Anyone who’s been an observer of the horse racing industry knows that the past two decades have brought steady declines in attendance, purses and overall revenue at tracks across the country. While there have been some consistent performers, such as Churchill Downs, the brightest spot for this segment of the gaming industry has been tracks with slot machines, or racinos.
The racino concept originated in 1990, when West Virginia became the first state to allow slot machines at a racetrack. Since then, five other states have followed suit: Rhode Island and Louisiana in 1992, Iowa and Delaware in 1995, and New Mexico in 1999. New York and Maine recently legalized racinos, but none are operational yet.
The development of racinos has changed the face of the horse racing industry, the casino industry and the gaming industry overall.
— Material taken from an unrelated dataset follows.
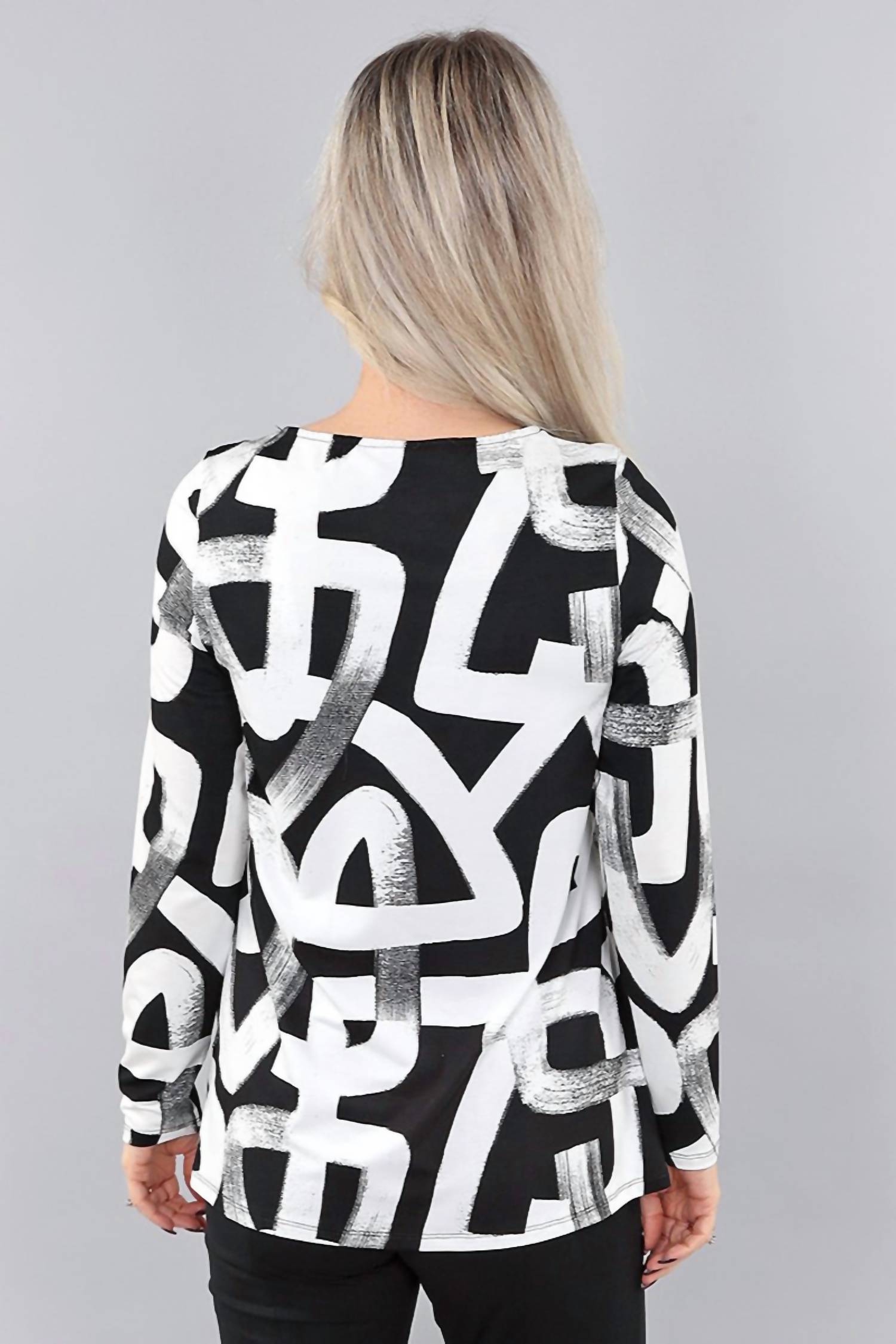 Michael Tyler - Knot Front Long Sleeve Top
For example, MTR Gaming Group, Inc., parent company of Mountaineer Race Track & Gaming Resort, has been listed by Forbes magazine as one of “200 Up and Coming Companies,” in the United States.
Since the racetracks incorporated slot machines into gaming operations, their prize purses have increased significantly. In Delaware and West Virginia, for example, the average purse is nearly 80 percent more than racetracks without slots. This advantage of supplemented purse amounts gives less prestigious tracks the ability to attract top horses, trainers and jockeys—and, in turn, draw them away from more established tracks without slots.
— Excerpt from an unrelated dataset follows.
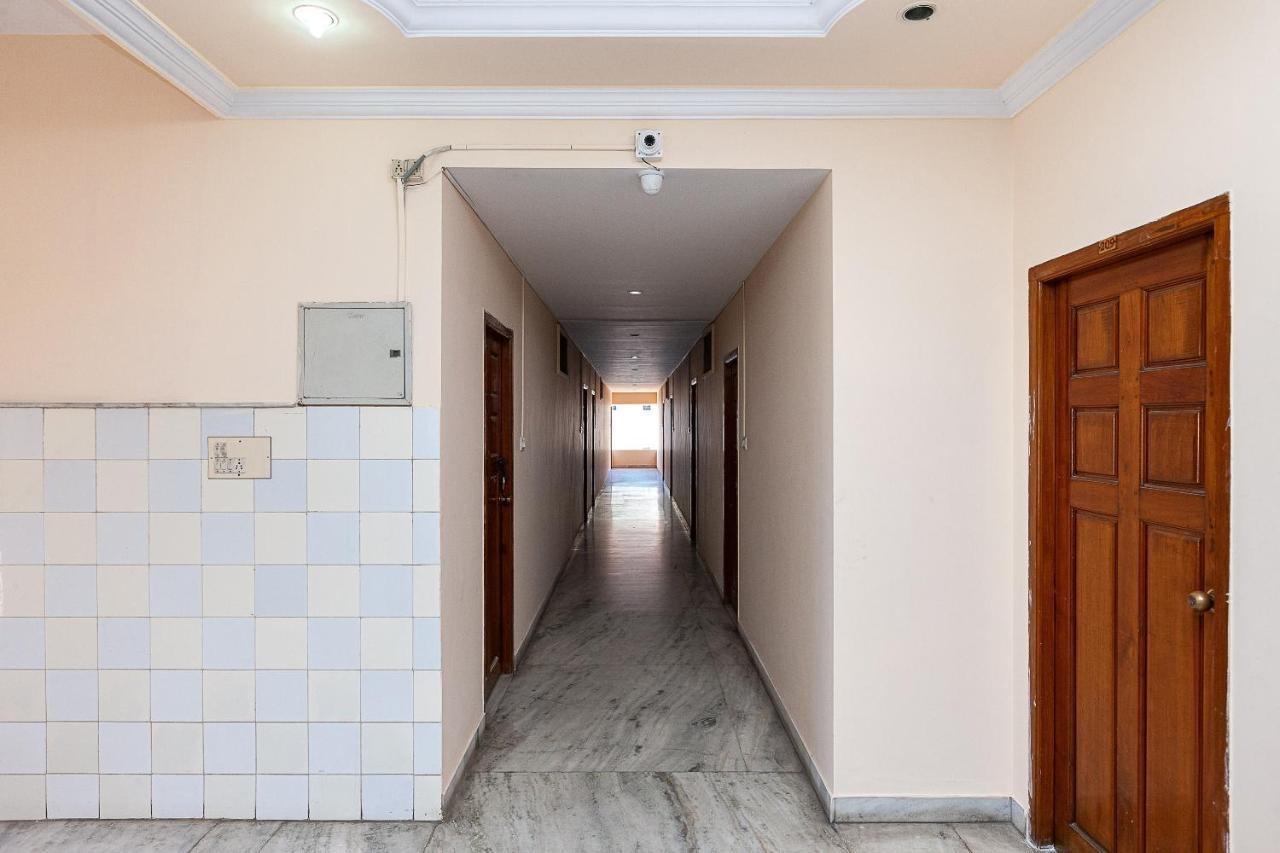 Hotel Oyo 38559 Ramana Residency Tiruvannāmalai Exterior foto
Companies whose business was once limited to horse racing are now considered full-fledged gaming companies. Only three years ago, Penn National just owned horse racing facilities in Pennsylvania. Today, the company owns and operates six riverboat casinos in three states and properties in Colorado as well as three racetrack facilities, including one racino in West Virginia. One of the AGA’s newest members, Peninsula Gaming, recently became the first company to build a racino from the ground up, including track, stables, grandstand, clubhouse and casino at Evangeline Downs in Louisiana.
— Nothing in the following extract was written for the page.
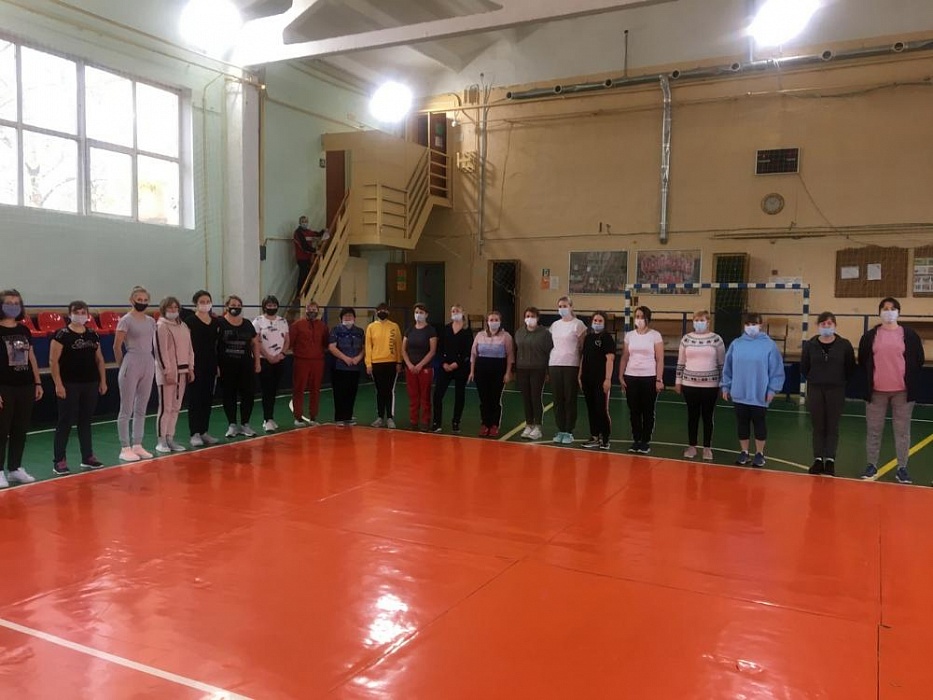 В Калязинском районе воспитатели и библиотекари сдавали нормы ГТО В Калязинском районе воспитатели и библиотекари сдавали нормы ГТО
Racino advocates suggest that these facilities have distinct advantages over traditional casinos. They create a new revenue stream in a difficult fiscal and political climate, limit geographic expansion of gambling, and help preserve the racing industry, among other benefits. On the other hand, others believe they needlessly limit the economic and fiscal benefits of gaming, such as capital investment, tourism and employment, and provide no meaningful opportunity for broader economic development goals, such as downtown revitalization. The AGA, for its part, continues to take the position that it’s up to individual states to determine what, if any, gaming they would like to add to their current mix.
Regardless of the arguments for and against the racino model, several casino companies have recognized that racinos offer an opportunity to distribute their product and brand names. Caesars Entertainment (formerly Park Place Entertainment) was one of the first to recognize the potential of racinos, signing a management contract with Dover Downs in Delaware. The property has grown to include a 232-room hotel, a conference center, multi-purpose ballroom and five restaurants. More recently, Harrah’s began operating Bluffs Run Casino in Iowa and Louisiana Downs, while Boyd Gaming began operating Delta Downs in Louisiana.
The success of the racino, like the riverboat, limited stakes and land-based casino models, shows that our product is adaptable to different economic and political considerations. Some states envision us as an industry that can create jobs and generate economic development. Others see us as a source of tourism and convention business. What works in one community might not work elsewhere. The lesson learned is that we can adapt our business to reasonable needs of just about any community.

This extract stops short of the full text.